Using Volumes

When a container writes files, it writes them inside of the container. Which means that when the container dies (the host machine restarts, the container is moved from one node to another in a cluster, it simply fails, etc.) all of that data is lost. It also means that if you run the same container several times in a load-balancing scenario, each container will have its own data, which may result in inconsistent user experience.

A rule of thumb for the sake of simplicity is to ensure that containers are stateless, for instance, storing their data in an external database (relational like an SQL Server or document-based like MongoDB) or distributed cache (like Redis). However, sometimes you want to store files in a place where they are persisted; this is done using volumes.

Using a volume, you map a directory inside the container to a persistent storage. Persistent storages are managed through drivers, and they depend on the actual Docker host. They may be an Azure File Storage on Azure or Amazon S3 on AWS. With Docker Desktop, you can map volumes to actual directories on the host system; this is done using the -v switch on the docker run command.

Suppose you run a MySQL database with no volume:

docker run -d mysql:5.7

Any data stored in that database will be lost when the container is stopped or restarted. In order to avoid data loss, you can use a volume mount:

docker run -v /your/dir:/var/lib/mysql -d mysql:5.7

It will ensure that any data written to the /var/lib/mysql directory inside the container is actually written to the /your/dir directory on the host system.

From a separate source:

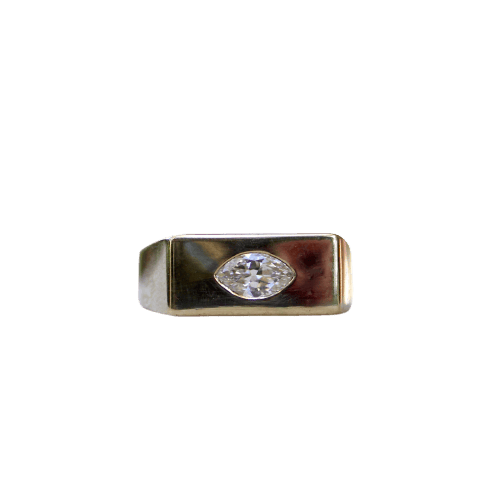 Bague 53 Signature - Bague chevalière en or 14k avec diamant ancien taille marquise 58 Facettes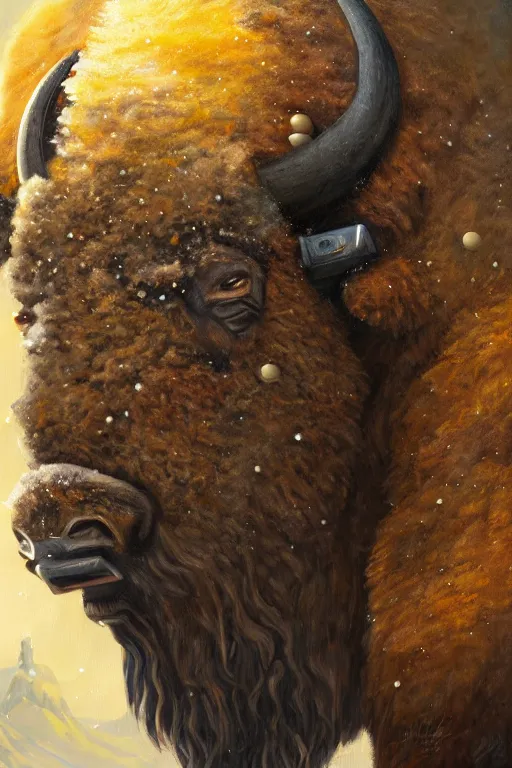 Image similar to bison astronaut, oil on canvas, intricate, portrait, 8 k highly professionally detailed, hdr, cgsociety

This ensures that the data is not lost when the container is restarted.

An interesting sauce coming up!

Where Do Images Come From?

Each container is created from an image. You provide the image name to the docker run command. Docker first looks for the image locally and uses it when present. When the image is not present locally, it is downloaded from a registry.

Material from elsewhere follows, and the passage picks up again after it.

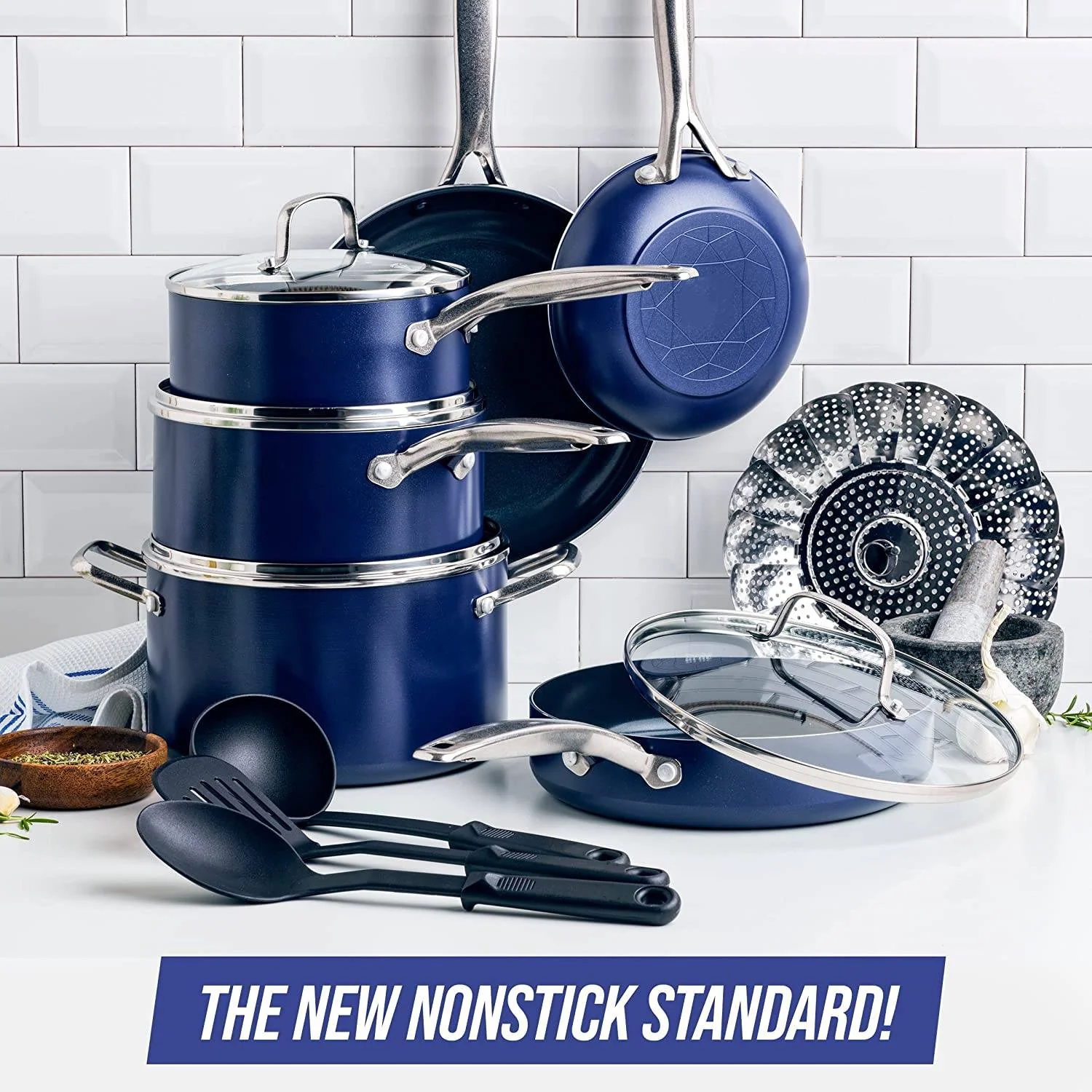 Diamond Cookware Diamond Infused Ceramic Antihaft-Kochgeschirr-Set, 14-teilig, Töpfe und Pfannen, PFAS-frei, spülmaschinenfest, ofenfest, blau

Downloading an image from a registry to your local machine:

You can list the local images using the following command: docker image ls

When an image is published to a registry, its name must be:

<repository_name>/<name>:<tag>
  • tag is optional; when missing, it is considered to be latest by default

  • repository_name can be a registry DNS or the name of a registry in the Docker Hub

We’ll soon see more about Docker Hub and private registries. All of the images we’ve been using until now were downloaded from Docker Hub as they are not DNS names. When you have time, you should browse the Docker Hub and get familiar with the images it provides.

For instance, the Jenkins image may be found on the Docker Hub.

Although the docker run command downloads images automatically when missing, you may want to trigger the download manually. To do this, you can use the docker pull command. A pull command forces an image to download, whether it is already present or not.

Here are some scenarios where using a docker pull command is relevant:

  • You expect that the machine which runs the containers does not have access to the registries (e.g., no internet connection) at the time of running the containers.

  • You want to ensure you have the latest version of an image tagged as “latest,” which wouldn’t be downloaded by the docker run command.